13. Some of the decisions relied on by the learned advocate for respondent 1 seem to allow the right of subrogation on grounds of justice, equity and good conscience, where it is shown that the plaintiff obtained a sale in perfect good faith, bona fide believing that the transferor had title to the property, though it subsequently turned out that the sale was altogether invalid. In these cases the distinction between a void and voidable sale, was not kept in view, but the bona fide belief in the vendor's title and good faith were considered sufficient to accord relief by applying the doctrine of subrogation. The decision in Ammani Ammal v. Ramaswami Naidu  51 I.C. 57 is strongly relied on. Even in Govinda Padayachi v. Lokanatha Iyer, this principle is recognized, by stating it with approval, and observing that the claim is allowed, when the mistake relates to the actual existence of an interest, and there is also a good faith. But where a mistaken bona fide belief and good faith are the grounds for applying the equitable rule of subrogation, they must be distinctly alleged in the pleadings and proved. They are not matters for legal prescription, but have to be made out in the particular case. Such an allegation is conspicuous by its absence in the present plaint. In the absence of any such plea, there was no room for an issue on this point. In no portion of the plaint, it is alleged that when he obtained the sale deed Ex. A. the plaintiff was under a bona fide mistaken belief that defendant 2 had some right or title to the properties, or acted in good faith without the knowledge of the previous sale by her husband. When no such plea was even sat up in the plaint, I do not think there is any justification for giving a now turn to the basis for the plaintiff's claim in this second appeal.

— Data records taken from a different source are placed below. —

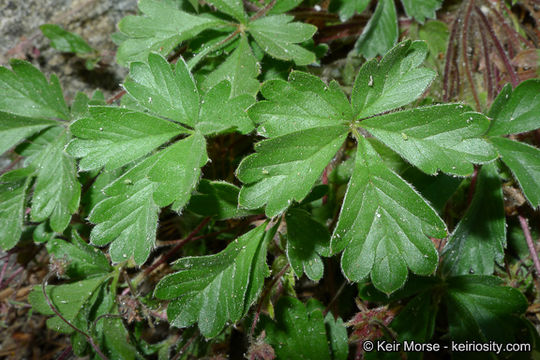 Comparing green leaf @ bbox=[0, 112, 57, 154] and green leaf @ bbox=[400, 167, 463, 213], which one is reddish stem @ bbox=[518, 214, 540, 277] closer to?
green leaf @ bbox=[400, 167, 463, 213]

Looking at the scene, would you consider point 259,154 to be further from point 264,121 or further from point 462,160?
point 462,160

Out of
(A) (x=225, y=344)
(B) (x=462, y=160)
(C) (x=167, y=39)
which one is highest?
(C) (x=167, y=39)

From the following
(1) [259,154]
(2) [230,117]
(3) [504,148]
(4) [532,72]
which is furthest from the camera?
(4) [532,72]

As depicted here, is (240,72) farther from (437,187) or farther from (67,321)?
(67,321)

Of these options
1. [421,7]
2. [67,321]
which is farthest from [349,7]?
[67,321]

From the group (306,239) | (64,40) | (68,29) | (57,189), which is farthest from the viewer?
(68,29)

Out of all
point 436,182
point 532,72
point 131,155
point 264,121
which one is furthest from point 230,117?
point 532,72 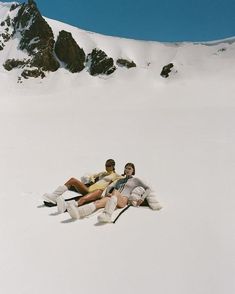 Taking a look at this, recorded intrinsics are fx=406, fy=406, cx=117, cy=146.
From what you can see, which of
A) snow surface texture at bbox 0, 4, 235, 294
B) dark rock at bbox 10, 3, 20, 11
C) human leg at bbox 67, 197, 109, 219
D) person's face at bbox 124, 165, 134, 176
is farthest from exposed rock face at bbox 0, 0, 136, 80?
human leg at bbox 67, 197, 109, 219

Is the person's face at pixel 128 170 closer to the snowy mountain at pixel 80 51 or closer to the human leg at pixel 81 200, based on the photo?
the human leg at pixel 81 200

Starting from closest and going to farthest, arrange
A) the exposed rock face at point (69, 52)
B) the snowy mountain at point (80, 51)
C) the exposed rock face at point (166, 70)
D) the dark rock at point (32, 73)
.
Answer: the exposed rock face at point (166, 70) < the dark rock at point (32, 73) < the snowy mountain at point (80, 51) < the exposed rock face at point (69, 52)

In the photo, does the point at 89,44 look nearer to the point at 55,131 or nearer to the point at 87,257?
the point at 55,131

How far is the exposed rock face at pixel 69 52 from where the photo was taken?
Result: 60.0 meters

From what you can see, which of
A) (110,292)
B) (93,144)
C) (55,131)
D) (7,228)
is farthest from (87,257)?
(55,131)

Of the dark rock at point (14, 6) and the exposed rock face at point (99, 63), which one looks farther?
the dark rock at point (14, 6)

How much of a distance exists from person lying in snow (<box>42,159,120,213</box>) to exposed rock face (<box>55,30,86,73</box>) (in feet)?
172

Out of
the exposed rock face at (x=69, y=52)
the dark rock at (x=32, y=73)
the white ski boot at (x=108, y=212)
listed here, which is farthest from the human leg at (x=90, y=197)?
the exposed rock face at (x=69, y=52)

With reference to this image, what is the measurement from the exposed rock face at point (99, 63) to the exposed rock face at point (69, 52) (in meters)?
1.33

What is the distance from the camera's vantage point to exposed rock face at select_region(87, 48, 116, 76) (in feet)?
191

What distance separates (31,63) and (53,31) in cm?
994

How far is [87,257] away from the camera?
5109mm

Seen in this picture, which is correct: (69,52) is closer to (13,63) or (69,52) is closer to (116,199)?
(13,63)

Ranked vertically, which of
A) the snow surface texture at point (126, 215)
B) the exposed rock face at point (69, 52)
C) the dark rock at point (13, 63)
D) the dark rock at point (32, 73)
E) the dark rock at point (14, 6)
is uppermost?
the dark rock at point (14, 6) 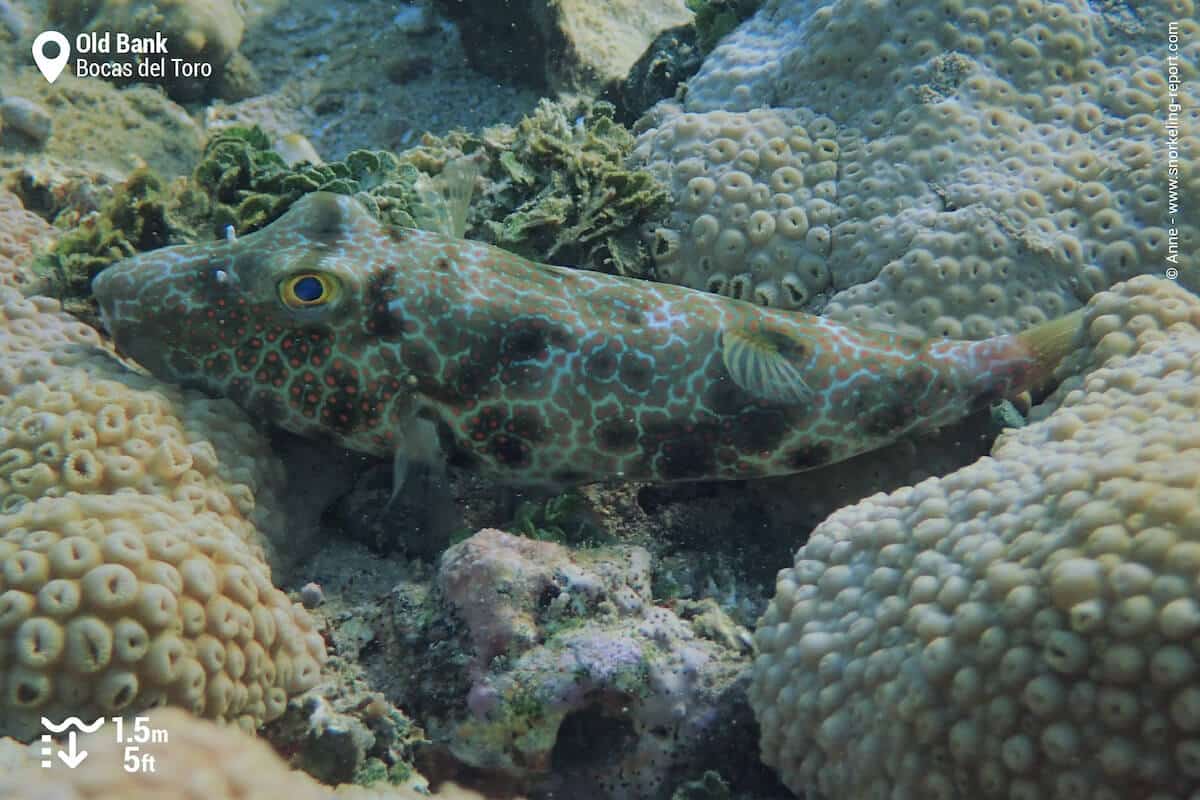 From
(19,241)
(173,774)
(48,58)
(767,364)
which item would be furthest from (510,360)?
(48,58)

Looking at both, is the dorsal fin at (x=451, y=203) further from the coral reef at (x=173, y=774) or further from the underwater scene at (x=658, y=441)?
the coral reef at (x=173, y=774)

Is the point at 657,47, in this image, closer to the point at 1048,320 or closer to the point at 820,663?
the point at 1048,320

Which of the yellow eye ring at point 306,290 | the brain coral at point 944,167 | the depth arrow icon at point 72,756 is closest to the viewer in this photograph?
the depth arrow icon at point 72,756

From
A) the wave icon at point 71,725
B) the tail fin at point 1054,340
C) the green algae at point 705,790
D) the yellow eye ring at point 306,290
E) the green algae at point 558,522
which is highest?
the yellow eye ring at point 306,290

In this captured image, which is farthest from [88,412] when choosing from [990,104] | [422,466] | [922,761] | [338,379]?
[990,104]

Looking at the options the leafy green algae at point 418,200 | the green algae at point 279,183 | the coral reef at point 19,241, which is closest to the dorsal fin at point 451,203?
the leafy green algae at point 418,200

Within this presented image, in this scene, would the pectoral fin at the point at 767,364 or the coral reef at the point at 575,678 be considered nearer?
the coral reef at the point at 575,678

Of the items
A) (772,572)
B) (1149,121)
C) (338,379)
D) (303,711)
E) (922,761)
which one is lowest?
(772,572)

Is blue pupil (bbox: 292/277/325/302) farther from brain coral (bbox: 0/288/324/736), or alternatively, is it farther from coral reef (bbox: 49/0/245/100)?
coral reef (bbox: 49/0/245/100) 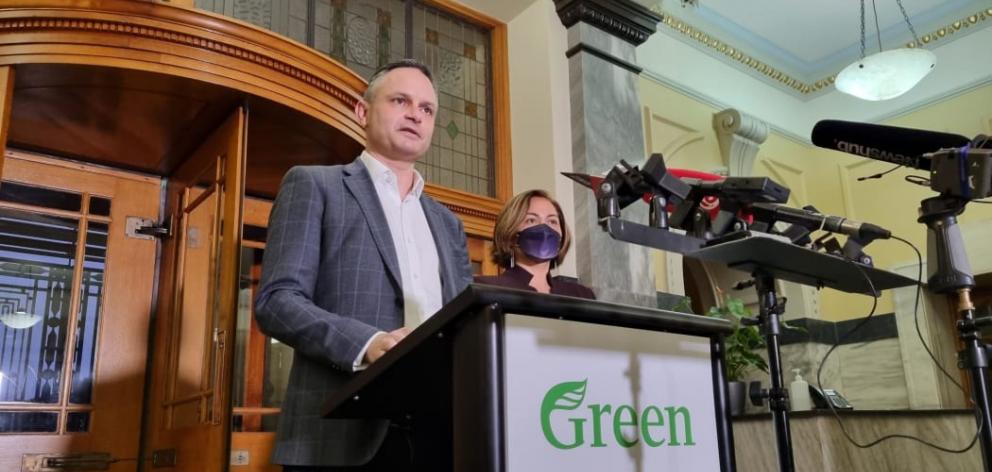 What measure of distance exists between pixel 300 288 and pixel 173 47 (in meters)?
1.52

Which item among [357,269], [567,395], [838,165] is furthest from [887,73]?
[567,395]

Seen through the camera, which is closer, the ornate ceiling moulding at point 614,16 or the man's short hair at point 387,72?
the man's short hair at point 387,72

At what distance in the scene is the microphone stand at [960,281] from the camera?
A: 4.10ft

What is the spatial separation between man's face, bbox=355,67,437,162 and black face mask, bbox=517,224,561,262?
81 centimetres

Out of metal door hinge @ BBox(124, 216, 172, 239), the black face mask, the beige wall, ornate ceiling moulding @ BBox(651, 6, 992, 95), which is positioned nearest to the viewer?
the black face mask

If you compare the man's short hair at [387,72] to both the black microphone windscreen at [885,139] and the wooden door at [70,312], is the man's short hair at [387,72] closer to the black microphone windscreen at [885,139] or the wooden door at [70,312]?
the black microphone windscreen at [885,139]

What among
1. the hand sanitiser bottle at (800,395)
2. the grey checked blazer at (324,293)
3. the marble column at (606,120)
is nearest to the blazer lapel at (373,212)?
the grey checked blazer at (324,293)

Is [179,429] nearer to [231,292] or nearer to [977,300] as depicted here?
[231,292]

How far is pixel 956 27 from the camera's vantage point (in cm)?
540

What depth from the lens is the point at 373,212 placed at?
44.6 inches

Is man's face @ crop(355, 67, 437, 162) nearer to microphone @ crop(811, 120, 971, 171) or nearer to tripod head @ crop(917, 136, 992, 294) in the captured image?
microphone @ crop(811, 120, 971, 171)

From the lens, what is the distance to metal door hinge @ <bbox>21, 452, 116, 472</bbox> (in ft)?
7.45

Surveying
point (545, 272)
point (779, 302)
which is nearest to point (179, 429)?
point (545, 272)

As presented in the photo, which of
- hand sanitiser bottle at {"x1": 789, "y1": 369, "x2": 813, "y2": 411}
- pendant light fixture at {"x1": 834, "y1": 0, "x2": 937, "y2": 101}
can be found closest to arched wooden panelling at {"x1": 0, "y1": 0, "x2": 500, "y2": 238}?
hand sanitiser bottle at {"x1": 789, "y1": 369, "x2": 813, "y2": 411} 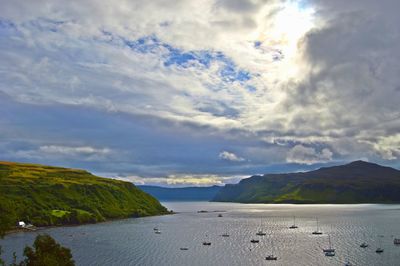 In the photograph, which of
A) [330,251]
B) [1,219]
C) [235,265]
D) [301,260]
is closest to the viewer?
[1,219]

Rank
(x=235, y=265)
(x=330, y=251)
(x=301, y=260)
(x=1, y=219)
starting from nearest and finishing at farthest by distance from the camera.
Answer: (x=1, y=219), (x=235, y=265), (x=301, y=260), (x=330, y=251)

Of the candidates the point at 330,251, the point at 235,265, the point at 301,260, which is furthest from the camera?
the point at 330,251

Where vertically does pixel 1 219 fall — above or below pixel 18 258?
above

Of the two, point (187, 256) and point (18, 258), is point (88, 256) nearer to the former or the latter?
point (18, 258)

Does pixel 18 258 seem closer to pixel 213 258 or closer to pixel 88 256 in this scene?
pixel 88 256

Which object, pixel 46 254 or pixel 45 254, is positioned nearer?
pixel 46 254

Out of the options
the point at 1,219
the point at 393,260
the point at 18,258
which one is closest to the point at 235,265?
the point at 393,260

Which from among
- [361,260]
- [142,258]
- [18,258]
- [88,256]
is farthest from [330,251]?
[18,258]

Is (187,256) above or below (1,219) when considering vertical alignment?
below

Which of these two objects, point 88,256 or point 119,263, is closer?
point 119,263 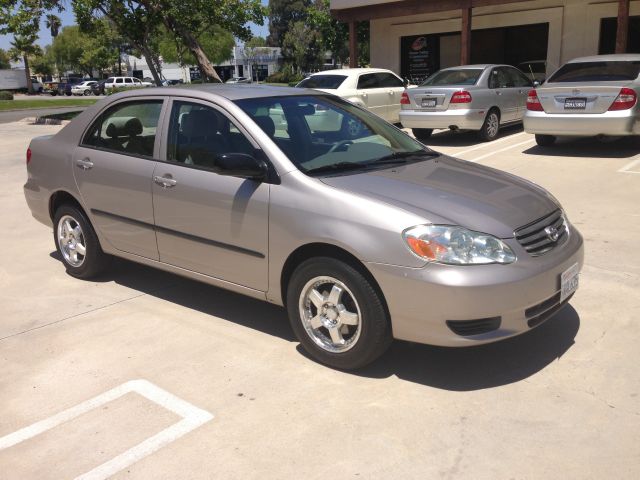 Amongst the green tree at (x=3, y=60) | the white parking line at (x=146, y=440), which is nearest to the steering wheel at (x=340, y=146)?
the white parking line at (x=146, y=440)

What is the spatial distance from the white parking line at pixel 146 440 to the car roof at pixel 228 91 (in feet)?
6.51

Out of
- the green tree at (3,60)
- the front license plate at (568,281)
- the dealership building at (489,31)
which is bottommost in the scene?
the front license plate at (568,281)

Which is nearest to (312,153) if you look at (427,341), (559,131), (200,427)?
(427,341)

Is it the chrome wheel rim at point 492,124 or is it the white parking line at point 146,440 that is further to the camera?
the chrome wheel rim at point 492,124

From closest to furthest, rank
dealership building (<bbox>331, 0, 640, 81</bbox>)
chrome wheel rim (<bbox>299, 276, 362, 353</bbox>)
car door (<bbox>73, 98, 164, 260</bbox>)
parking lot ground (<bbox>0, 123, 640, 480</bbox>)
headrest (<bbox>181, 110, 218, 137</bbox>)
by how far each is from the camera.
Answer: parking lot ground (<bbox>0, 123, 640, 480</bbox>)
chrome wheel rim (<bbox>299, 276, 362, 353</bbox>)
headrest (<bbox>181, 110, 218, 137</bbox>)
car door (<bbox>73, 98, 164, 260</bbox>)
dealership building (<bbox>331, 0, 640, 81</bbox>)

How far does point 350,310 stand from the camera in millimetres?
3717

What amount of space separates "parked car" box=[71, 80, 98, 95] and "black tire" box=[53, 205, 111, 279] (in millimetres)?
56359

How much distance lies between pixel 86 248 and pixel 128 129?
108 centimetres

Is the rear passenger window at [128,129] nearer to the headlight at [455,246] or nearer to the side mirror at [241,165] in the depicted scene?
the side mirror at [241,165]

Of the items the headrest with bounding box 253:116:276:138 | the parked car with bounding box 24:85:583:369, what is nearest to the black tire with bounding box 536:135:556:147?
the parked car with bounding box 24:85:583:369

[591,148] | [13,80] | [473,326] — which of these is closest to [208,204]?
[473,326]

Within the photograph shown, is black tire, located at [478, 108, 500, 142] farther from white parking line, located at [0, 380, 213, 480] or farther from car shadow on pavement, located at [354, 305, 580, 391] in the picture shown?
white parking line, located at [0, 380, 213, 480]

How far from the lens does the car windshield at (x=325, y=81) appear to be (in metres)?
13.9

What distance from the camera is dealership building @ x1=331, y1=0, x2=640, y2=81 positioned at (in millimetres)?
18984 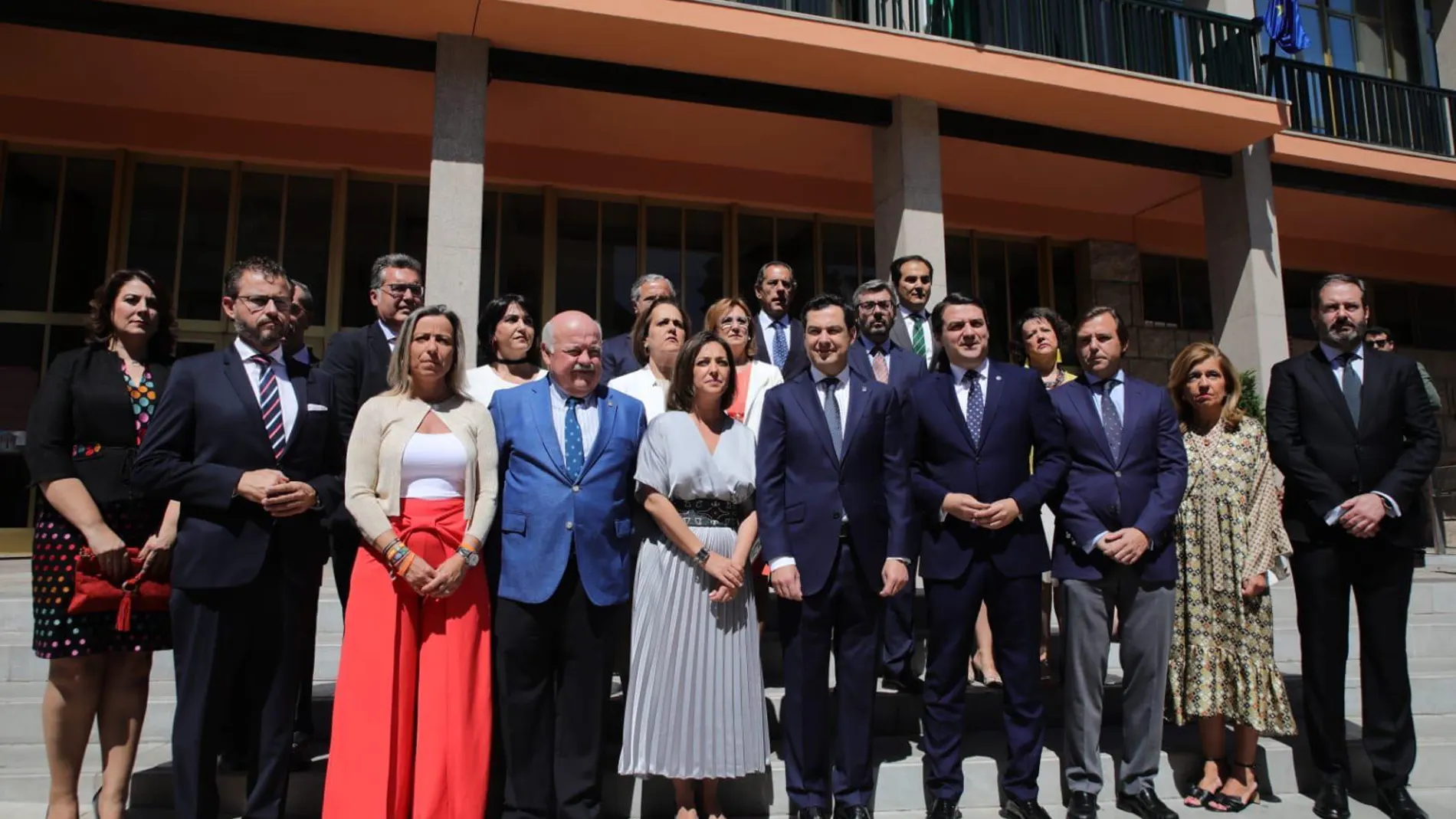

14. I am therefore of opinion that the plaintiff is not entitled to be subrogated to the rights of the mortgagee under Ex. B, as he has no statutory right of subrogation, and as the doctrine of conventional subrogation too cannot be invoked for his aid. Even apart from this there is no scope for giving relief, on any other recognized equitable ground.
15. The plaintiff's claim to enforce the mortgagee's rights under Ex. B, for which he has filed this suit must fail. I may refer to a representation made by the advocate for respondent 1 (plaintiff) during the course of his arguments. that if the plaintiff's claim is held to be unsustainable the ex parte defendant 3 (the mortgagee under Ex. B) should be transposed as the plaintiff, and a decree should be passed in his favour. Plaintiff's own case is that the mortgage debt due under Ex. B to defendant 3, was discharged. There is no question of the validity of that discharge. Defendant 3 cannot be given a decree for the recovery of his mortgage money, after his debt has been paid to him.
16. In the result the decrees of the Courts below are set aside, and the plaintiff's suit is dismissed. But on a consideration of the peculiar circumstances of this case I think it reasonable to direct the parties to bear their own costs throughout, and I order accordingly.